HOW TO COMPLETE THIS TASK -
Please give back each line below unchanged; none of the pictures should appear.

INPUT DATA -
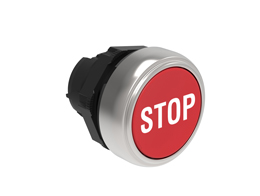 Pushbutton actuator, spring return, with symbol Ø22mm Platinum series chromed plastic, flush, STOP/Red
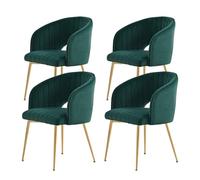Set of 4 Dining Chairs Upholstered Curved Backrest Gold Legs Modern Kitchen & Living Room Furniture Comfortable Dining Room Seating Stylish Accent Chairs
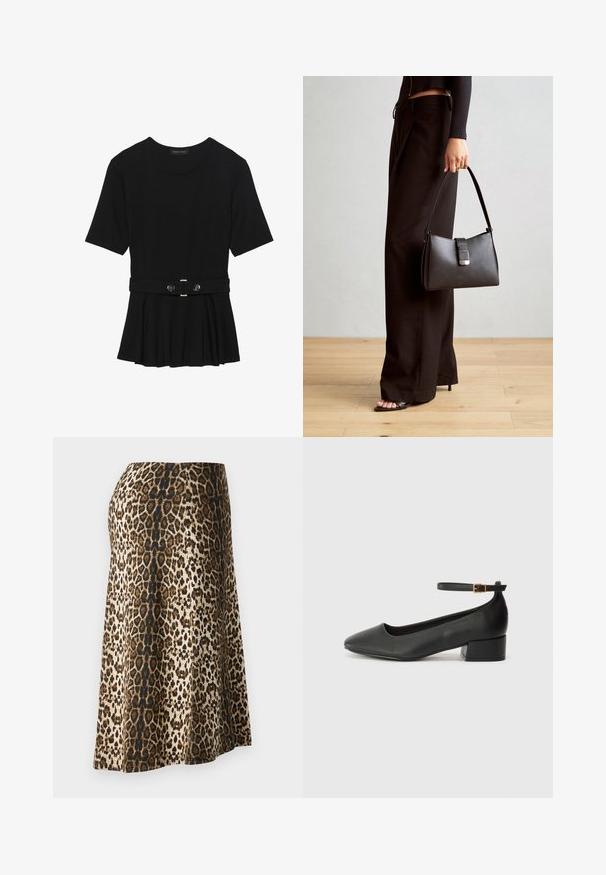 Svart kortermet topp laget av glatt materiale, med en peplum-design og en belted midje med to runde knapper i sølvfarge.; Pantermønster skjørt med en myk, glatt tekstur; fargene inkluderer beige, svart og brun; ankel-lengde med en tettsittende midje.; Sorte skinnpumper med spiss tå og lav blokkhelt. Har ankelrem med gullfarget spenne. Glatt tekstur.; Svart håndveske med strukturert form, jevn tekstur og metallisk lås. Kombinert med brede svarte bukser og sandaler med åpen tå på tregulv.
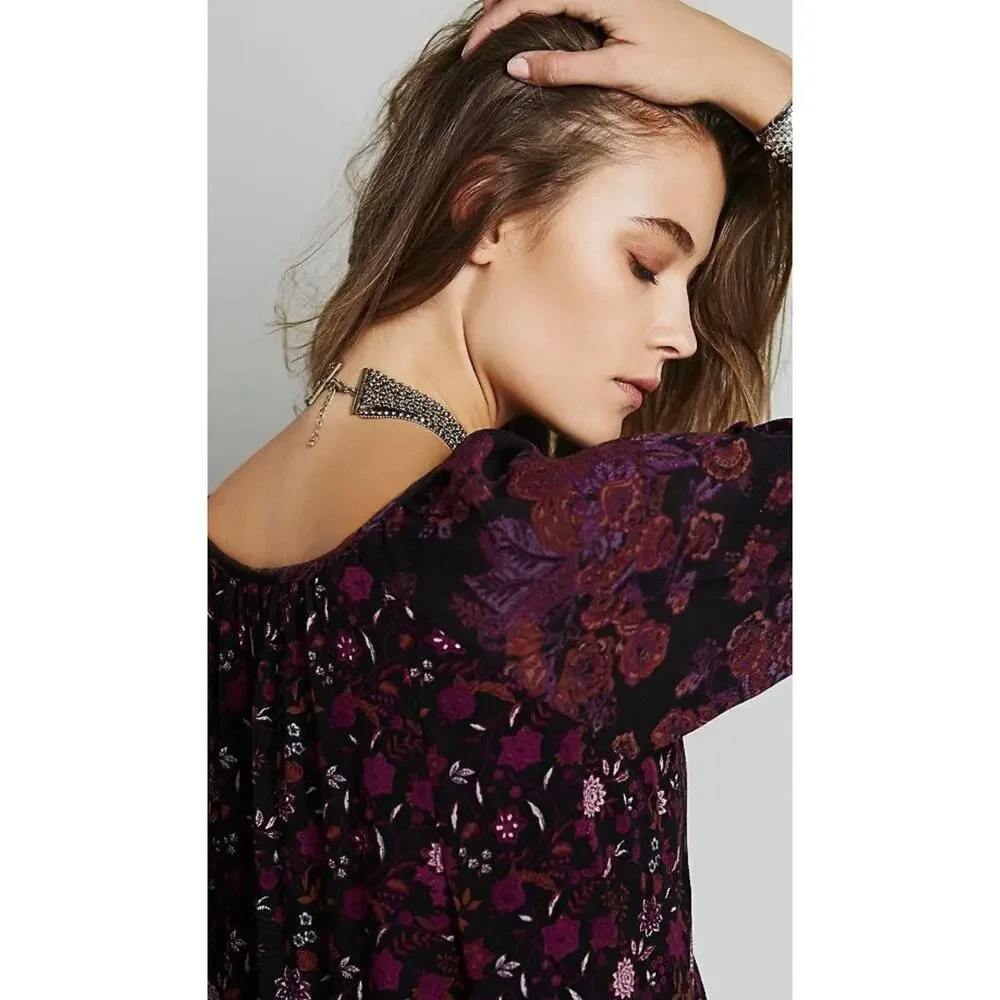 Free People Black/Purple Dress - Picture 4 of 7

TASK OUTPUT -
 Pushbutton actuator, spring return, with symbol Ø22mm Platinum series chromed plastic, flush, STOP/Red
Set of 4 Dining Chairs Upholstered Curved Backrest Gold Legs Modern Kitchen & Living Room Furniture Comfortable Dining Room Seating Stylish Accent Chairs
 Svart kortermet topp laget av glatt materiale, med en peplum-design og en belted midje med to runde knapper i sølvfarge.; Pantermønster skjørt med en myk, glatt tekstur; fargene inkluderer beige, svart og brun; ankel-lengde med en tettsittende midje.; Sorte skinnpumper med spiss tå og lav blokkhelt. Har ankelrem med gullfarget spenne. Glatt tekstur.; Svart håndveske med strukturert form, jevn tekstur og metallisk lås. Kombinert med brede svarte bukser og sandaler med åpen tå på tregulv.
 Free People Black/Purple Dress - Picture 4 of 7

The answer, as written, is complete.